A Substack Only a 32 Year-Old With a History of Back Pain Could Write
Awake, writing a Substack at 2am, but it's cool! It's alllll good.
I cured my chronic back pain by telling myself it wasn't real.
I learned to do this from a book, and it worked. This quick fix was a relief, and it wasn’t. The brain can convince you that you're beyond repair, while the structure stays unknowingly intact. The misdirect can bring you to tears in bed on your thirty-second birthday: "I'll never control my body again," but it was only your brain — the organ that offers you your entire reality — detecting pain where there is none. The “pain” is actually stress and anxiety packed so deep and wide within you that it presses on your spine like an injury — but no problem! You had your body all along. The trick is to just convince yourself that you are actually safe.
You can kind of laugh about it when you forget how long it took find healing. I'm a vibes girl; I believed what I felt to be true.
I've become obsessed with the possibility of contentment. Of regular achievements. Experiencing life not as an upward trajectory, but simply a current moment following and preceding other moments, neutrally. Occasionally this outlook releases me from assumptions I learned in school: that everything I do must lead to an ultimate reward (money, legacy, purpose, excellence). And it loosens the grip of a desperation I discovered when I started doing standup or writing songs, clinging to a hope that some talent might be honed which could rescue me from my reality of being broke, being lonely, being normal. As expected, putting aside grandiose, materialistic, selfish ideas is the key to a sense of freedom, an untangling, a decoding. A release of pressure.
But then, of course, I see anyone receive a material reward of any kind and I reconnect all the dots.
Watching the Grammys one year, I noticed that the one thing guaranteed to make me cry (weep, really) is an award show acceptance speeches. Seeing someone overwhelmed by something that is the opposite of dread. Witnessing a dream-come-true, which seems like the only miracle left. It's a joy I can't fully understand, but it moves me that someone can, for one second, tell themselves "I am what I wanted to be." And there are losers too, but they don't focus on that too much in the broadcast, so I can focus on the miracle of winning while forgetting the other dreams that got so close but leave squashed, or put on hold, bypassed and politely asked to quiet down for the evening.
I have to admit that there is something ugly running deep within me that feels like I'll die if I never do anything — write a book, join a band, make a movie, have a family, tell a good joke, become remarkably beautiful, have a famously perfect personality (plus a fully functional, pain-free lower back). If I did any work worth noting, I'd let it define me! So what!
And if I accomplished one of those things, any lifetime achievement, I would wish I had conquered them all. It’s greedy. (At this point in my existential spirals, I remind myself I’ve been meaning to start volunteering. It would be possible to be useful without being at the center of the world.)

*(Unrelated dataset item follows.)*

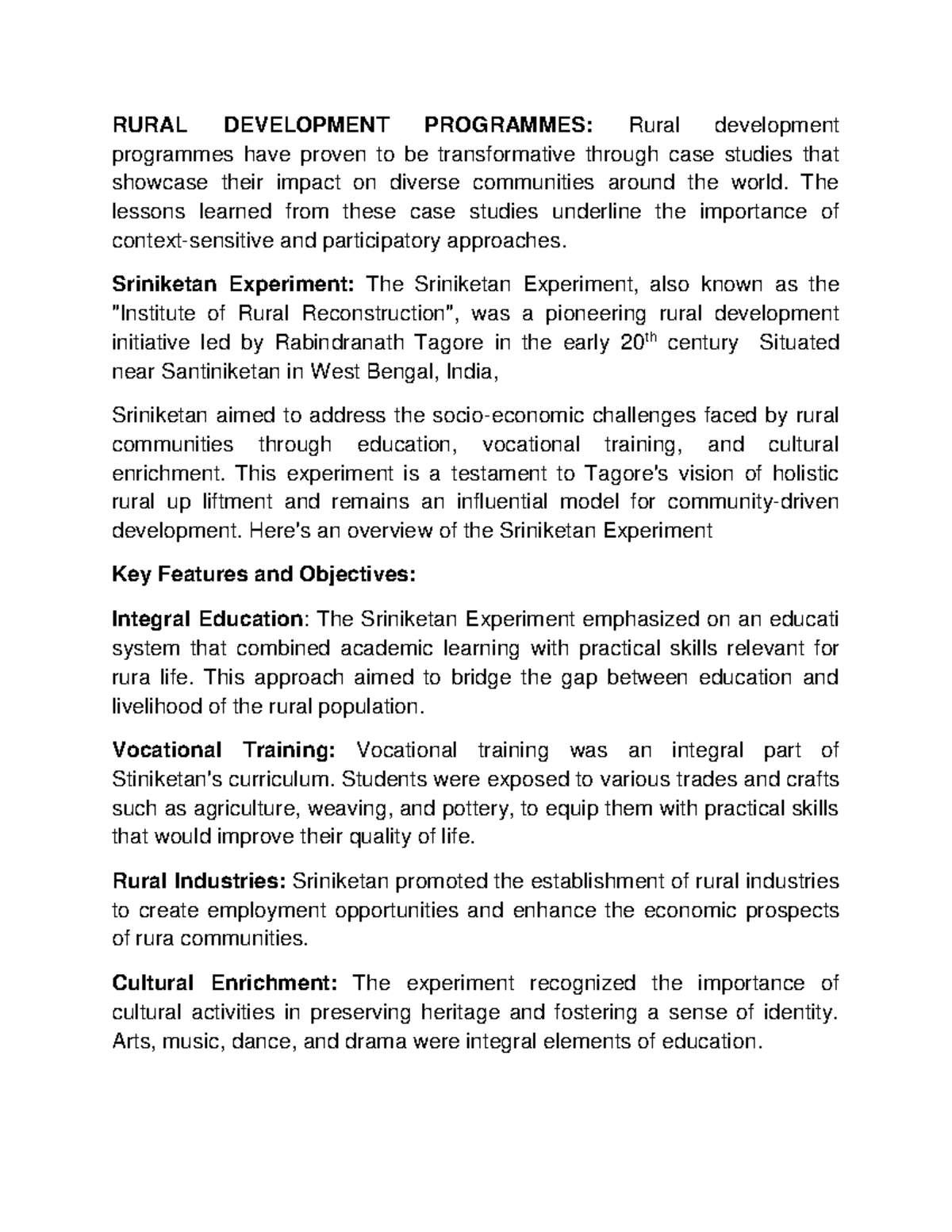 Unit 2-1 - Note - RURAL DEVELOPMENT PROGRAMMES: Rural development ...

There just aren't enough lives to live, and the one I have is programmed with little to no excess or fanfare. I am a literal accountant (the exact job every artist says they could never do) and I survive the best I can. I have a family, I have friends, I have pets, I keep beloved knicknacks around my home, I vote, I just started reading books again, and I can sing as long as the notes aren’t too complicated. The pity party can end: I don’t have nothing. And people write books and crap like that all the time, I could certainly crank something out if I wanted. I just haven’t! And have no plans to! No problem.
The act of counting my blessings feels at once validating, essential, and an exercise in admitting that I can only count small blessings, some at a frequency that only I can hear. And that, from what I can tell, is normal.
Dying to be someone while you technically are being someone is a kind of torture. A pain signal to the brain. No discernable injury.
It's the recurring, self-centered, fruitless whirlpool of my adult life: Can I be content with myself, as is? What if there is no secret to unlocking my potential — could this be my full potential? (I wince.) Am I functional? Have I been safe all along?
It could be really beautiful to accept the reward of merely waking up in a manageable, small, and sweet life — the smallness itself can be a luxury — without constantly seeking something big: a project, a discovery, adoration, fame, a title.
Well, I won’t sell myself short. I did cure my own back pain. I'm basically a doctor.